■ **Records for the task**:
..............................
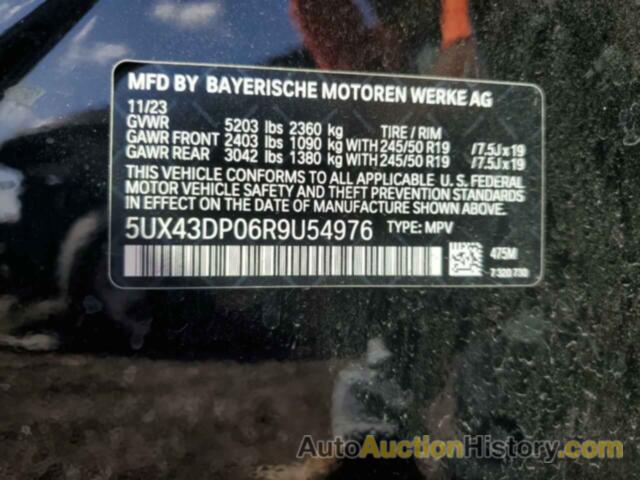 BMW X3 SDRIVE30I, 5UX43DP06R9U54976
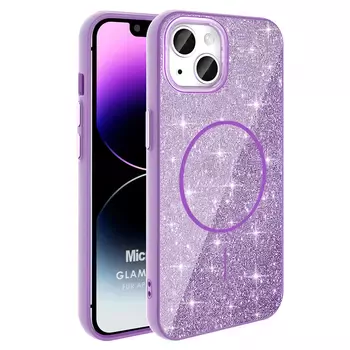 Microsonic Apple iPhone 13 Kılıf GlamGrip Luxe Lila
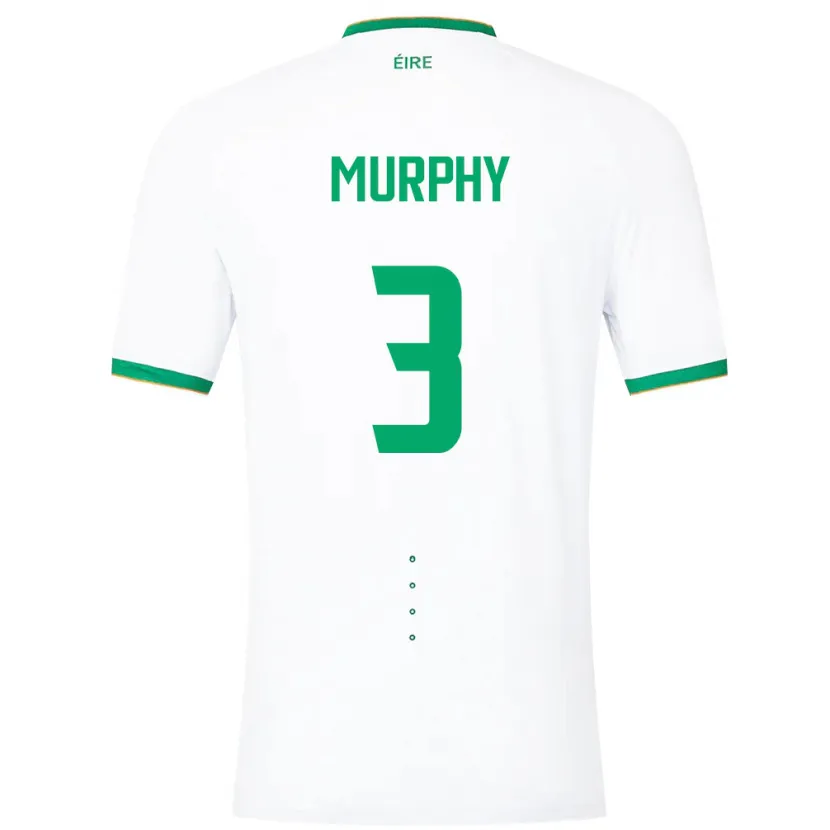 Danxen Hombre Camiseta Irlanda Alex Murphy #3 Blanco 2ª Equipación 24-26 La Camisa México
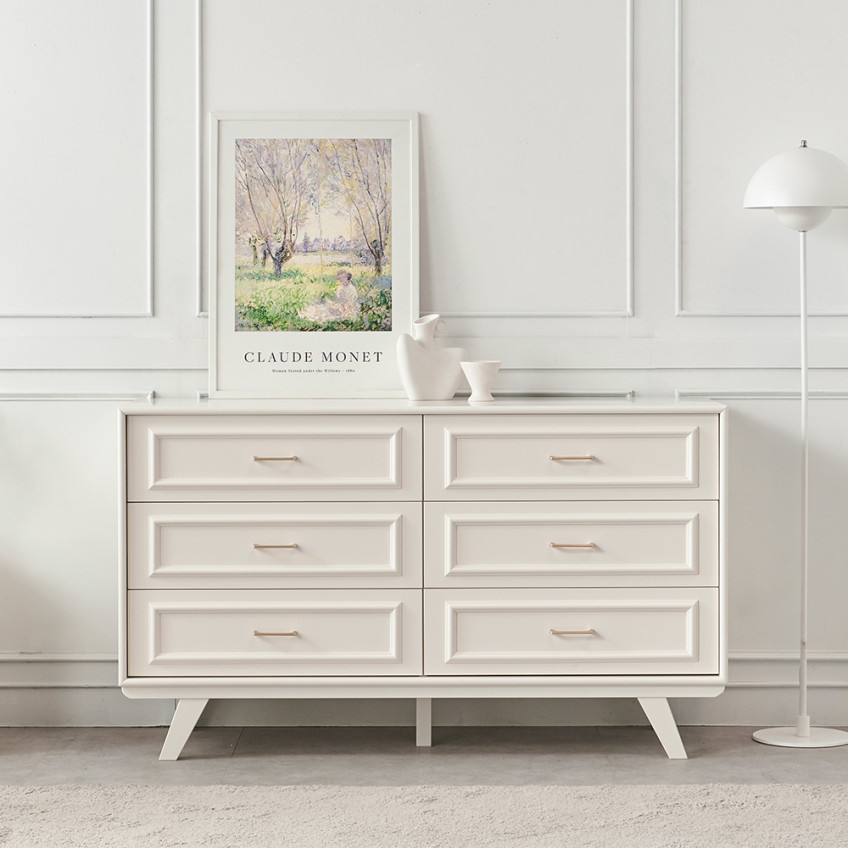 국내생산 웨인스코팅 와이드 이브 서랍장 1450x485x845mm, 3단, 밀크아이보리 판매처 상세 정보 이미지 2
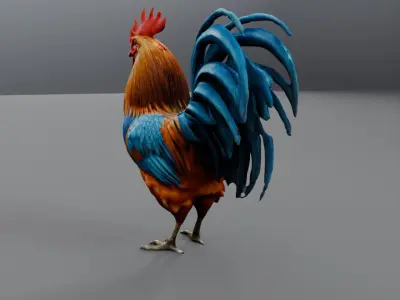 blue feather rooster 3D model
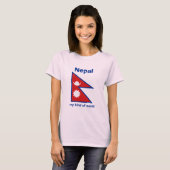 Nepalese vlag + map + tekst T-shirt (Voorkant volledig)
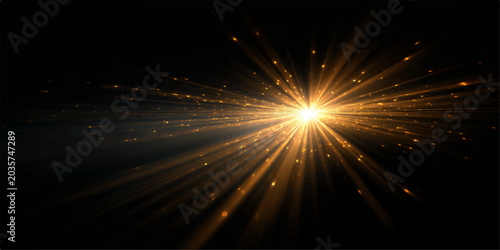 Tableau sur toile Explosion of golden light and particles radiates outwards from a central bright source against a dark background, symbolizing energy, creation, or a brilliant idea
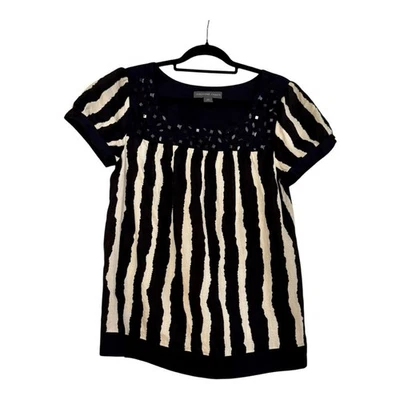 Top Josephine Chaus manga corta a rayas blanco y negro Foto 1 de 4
..............................
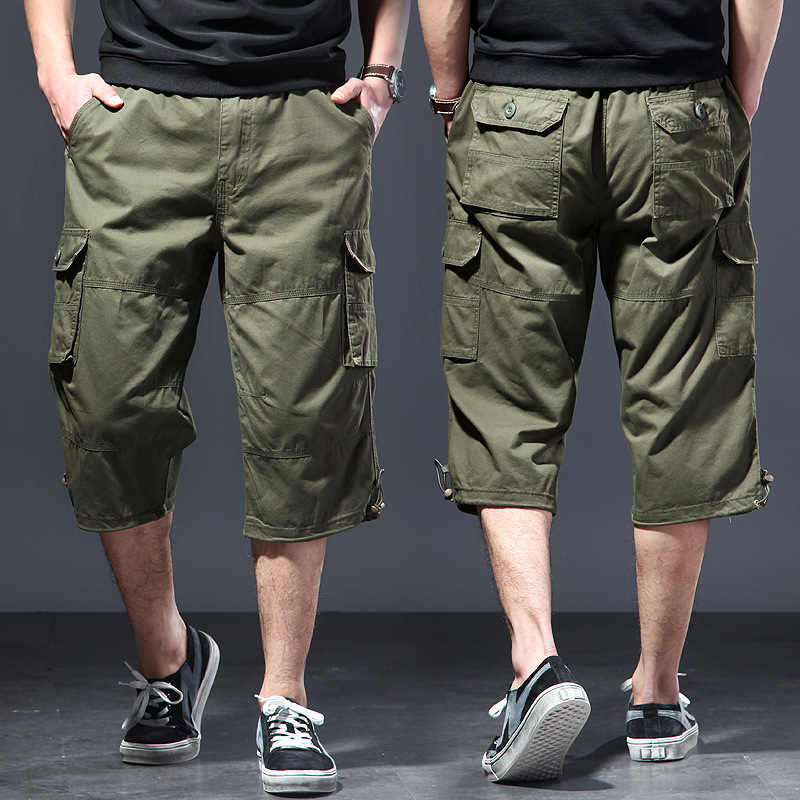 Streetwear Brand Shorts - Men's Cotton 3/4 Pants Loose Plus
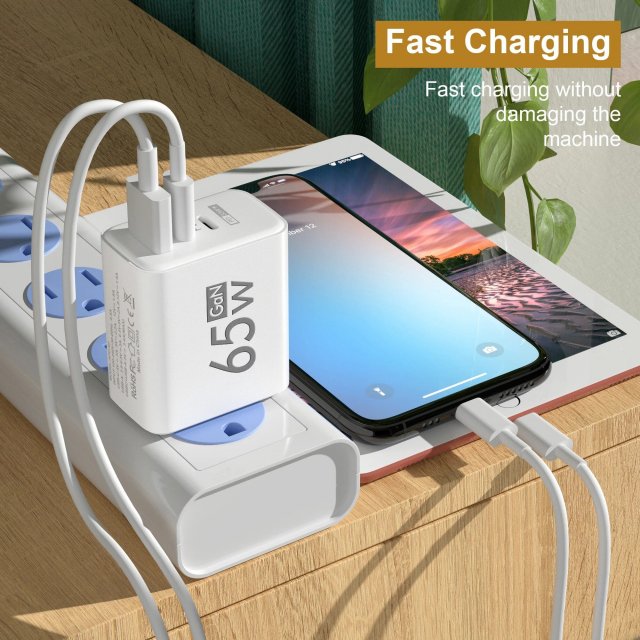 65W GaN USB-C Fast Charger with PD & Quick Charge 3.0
..............................
■ **Action item**:
Within the listing above, extract exactly the lines that run from the one containing "BMW X3 SDRIVE30I, 5UX43DP06R9U54976" through the one containing "Top Josephine Chaus", excluding any pictures.

■ **Answer to this task**:
 BMW X3 SDRIVE30I, 5UX43DP06R9U54976
 Microsonic Apple iPhone 13 Kılıf GlamGrip Luxe Lila
 Danxen Hombre Camiseta Irlanda Alex Murphy #3 Blanco 2ª Equipación 24-26 La Camisa México
 국내생산 웨인스코팅 와이드 이브 서랍장 1450x485x845mm, 3단, 밀크아이보리 판매처 상세 정보 이미지 2
 blue feather rooster 3D model
 Nepalese vlag + map + tekst T-shirt (Voorkant volledig)
 Tableau sur toile Explosion of golden light and particles radiates outwards from a central bright source against a dark background, symbolizing energy, creation, or a brilliant idea
 Top Josephine Chaus manga corta a rayas blanco y negro Foto 1 de 4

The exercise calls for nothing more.